L’Opéra de Montréal a vu juste en confiant la mise en scène de cette coproduction de l’Atelier lyrique et de l’École nationale de théâtre du Canada à René Richard Cyr. Homme à tout faire extraordinaire qui a déjà réglé des mises en scène pour l’OSM ou les FrancoFolies, mais aussi pour des comédies musicales comme Les Parapluies de Cherbourg ou L’Homme de la Mancha, sans compter de très nombreux succès au théâtre, Cyr a une expérience indéniable, mais il aborde pourtant l’opéra avec la fraîcheur de la première fois. "Ça fait plusieurs années que l’Opéra me faisait signe, explique-t-il. Il y a d’abord eu un contact avec Bernard Uzan, mais c’était resté assez informel. Puis Bernard Labadie est revenu à la charge. Cependant, ne connaissant pas les modalités de production de l’opéra, qui est un milieu très différent de tout ce que j’ai pu faire avant, j’ai demandé de commencer par quelque chose qui ne serait pas une superproduction avec des choeurs et des trucs énormes… Pour apprendre à connaître le fonctionnement de la chose. La collaboration entre l’OdM, l’Atelier lyrique et l’École nationale était toute désignée."

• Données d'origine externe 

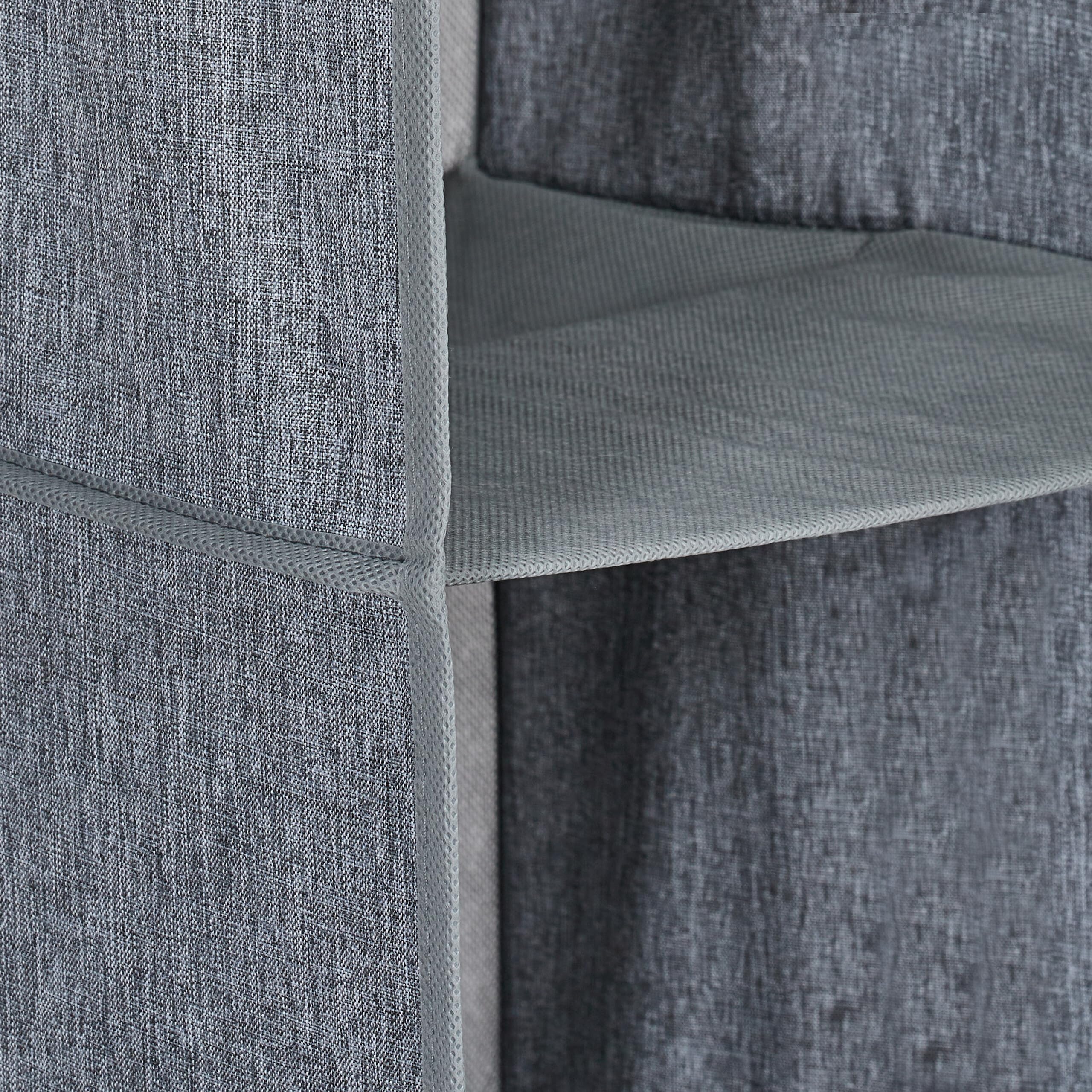 Relaxdays Set 2 Organizadores Colgantes Armario, 3 Compartimentos, Tela, 73x30x30 cm, 2 Ganchos, Almacenaje Burro, Gris | Dimensiones: 73 x 30 x 30 cm, 2 ganchos cada uno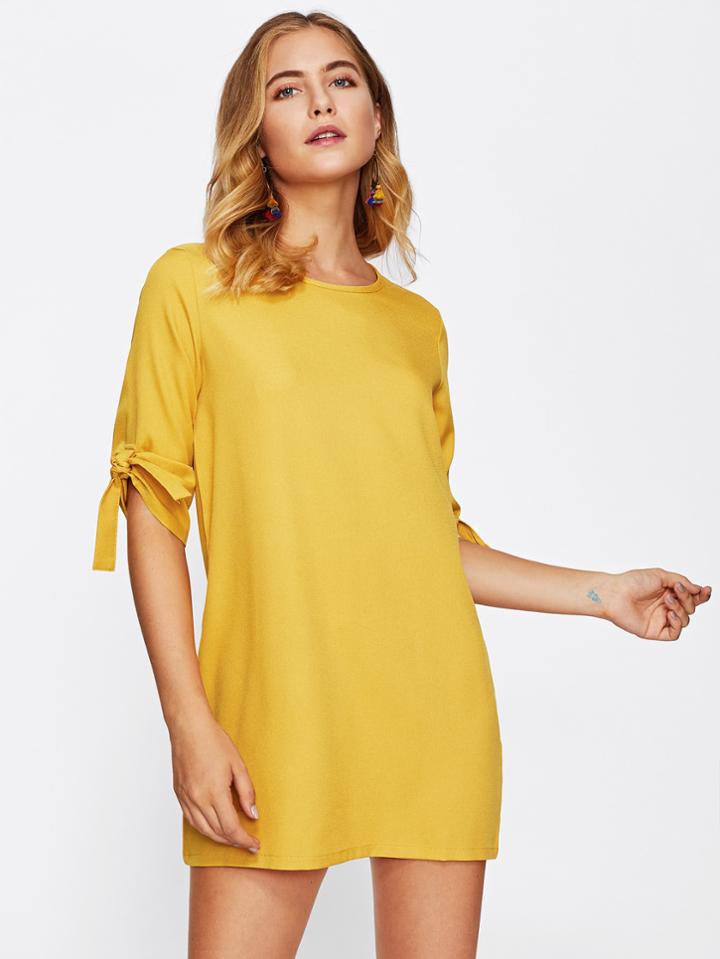 Shein Tie Cuff Tunic Dress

Si The Turn of the Screw n’est pas un opéra gonflable du genre d’Aïda (dont les mises en scène atteignent parfois des proportions gargantuesques), ce n’en est pas moins une oeuvre d’une grande qualité. "C’est une oeuvre assez redoutable pour de jeunes professionnels, vocalement, mais aussi théâtralement. Ça pourra leur donner des outils pour parfaire leur jeu, c’est une oeuvre tellement riche. Je ne sais pas si je retrouverai une oeuvre aussi troublante, avec une telle multiplicité de sens, exigeante musicalement et avec une théâtralité aussi forte. Celle-ci est déjà présente dans la nouvelle d’Henry James; il ne faut pas attendre le dénouement, il faut être attentif à la beauté du déroulement. Sur ce plan-là, c’est extrêmement moderne, et le spectateur a un travail de réflexion à faire."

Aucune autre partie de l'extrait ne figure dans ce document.